The new products coming through are so user friendly they can be handled easily without a manual, without instructions – we have achieved that. So the next step is to motivate the patient. This can be achieved in several ways. One way is to automate, which, in the insulin world, is the discussion about closed-loop or semi-closed or smart loop systems. Also, looking at the longer term, on the sensor side, we are getting better and better with continuous sensing, which gives good enough data to, for example, at least to shut down the pump at night during a hypo, or to give more insulin during the hyper in the morning hours. There are some elements emerging here where automation is a way to achieve better adherence.
Then also of course, connectivity, the smart element, can be used to trigger the enhancement of the therapy. Parents will be able to see whether their child is taking their shots at school, and be able to send them a message or call them saying please take it. Eventually, and this is my hope, payers will be able to call up patients and remind them. In the US, for example, insurance companies might call a patient and tell them that they have not taken their shots and that they need to take them in order to remain in the plan.

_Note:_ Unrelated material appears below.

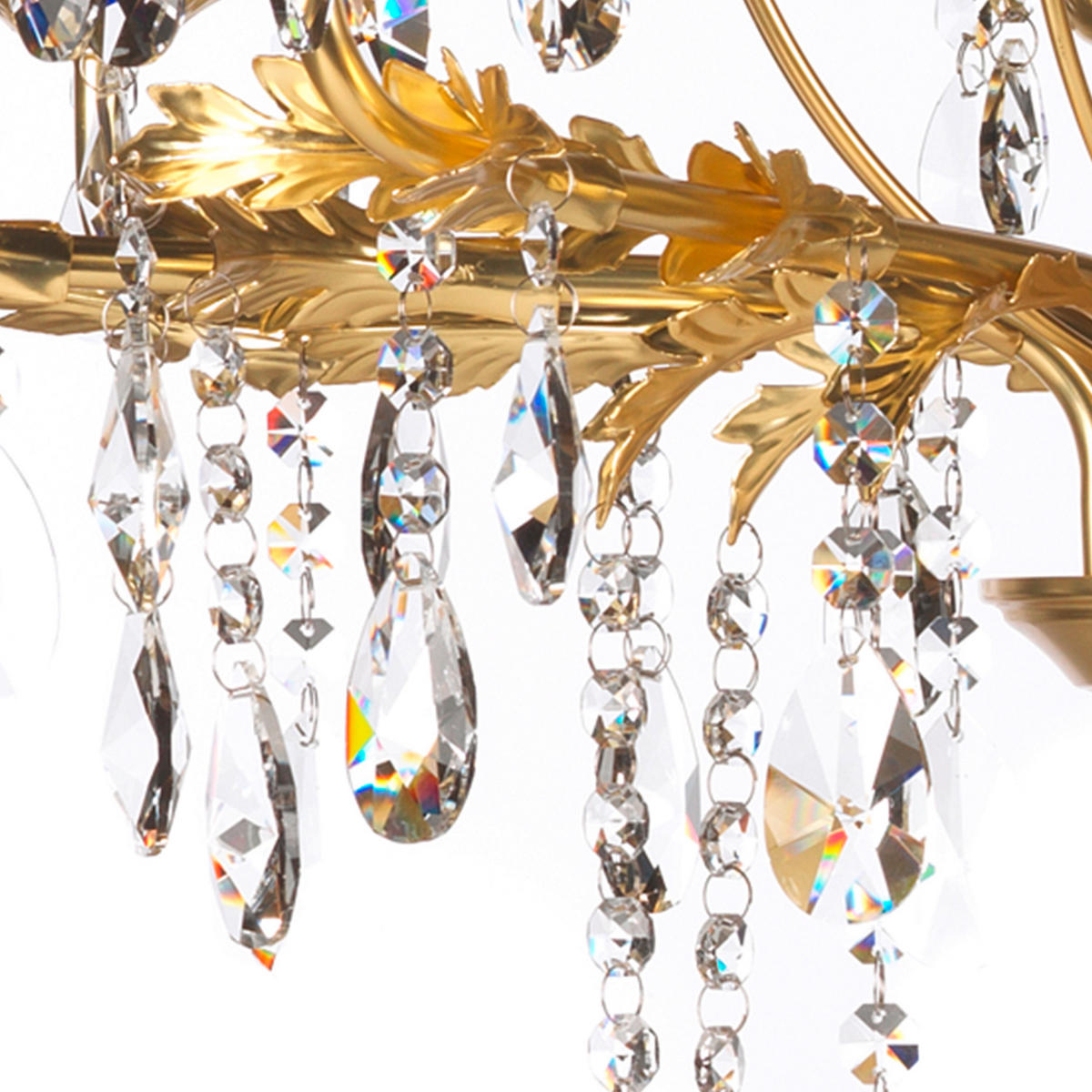 KRONLEUCHTER 80/80/105 cm   - Schwarz Hochglanz/Goldfarben, Design, Textil/Metall (80/80/105cm)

Information being used to enhance adherence is the future, and for this we need to have the connected delivery systems available.

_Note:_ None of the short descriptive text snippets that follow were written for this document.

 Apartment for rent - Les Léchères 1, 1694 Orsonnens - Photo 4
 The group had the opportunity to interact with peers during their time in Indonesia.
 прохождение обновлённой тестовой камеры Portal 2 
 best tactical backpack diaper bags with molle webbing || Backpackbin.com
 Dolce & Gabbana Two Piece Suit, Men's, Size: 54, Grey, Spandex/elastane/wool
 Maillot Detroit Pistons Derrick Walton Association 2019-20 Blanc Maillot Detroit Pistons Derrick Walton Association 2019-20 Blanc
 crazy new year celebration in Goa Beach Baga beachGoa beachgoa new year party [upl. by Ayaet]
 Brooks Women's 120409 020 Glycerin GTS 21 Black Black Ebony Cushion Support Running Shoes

A crucial advantage Ypsomed has here is our true understanding of patients and our ability to learn important lessons from our B2C side and apply them in our B2B side, to be able to transfer elements from our diabetes business, where we are in close contact with patients constantly, to our delivery systems business.
The subject we touched upon earlier, of which players are going to be the ones to provide the cloud is also a very important one, I believe, for the future of the injection devices industry. I would really like to motivate the pharma industry to think about their role, about who plays what role. We talk to more than 100 pharma companies. Very, very few of them, less than a handful, have decided whether they want to be the one to have their own cloud. My wish is that out there in the industry there will be independent players to build the cloud. No-one is stepping forward and without the cloud we cannot progress. It is not simple to implement safe, secure worldwide data provision. You have to localise data. In some countries because of data protection laws you have to store data locally in national servers.
Somebody has to take up the job and to put the upfront investment into the cloud development. Without this we can talk about smart devices for a long time but it will not be safe to send the information via any normal protocol to some unknown server somewhere.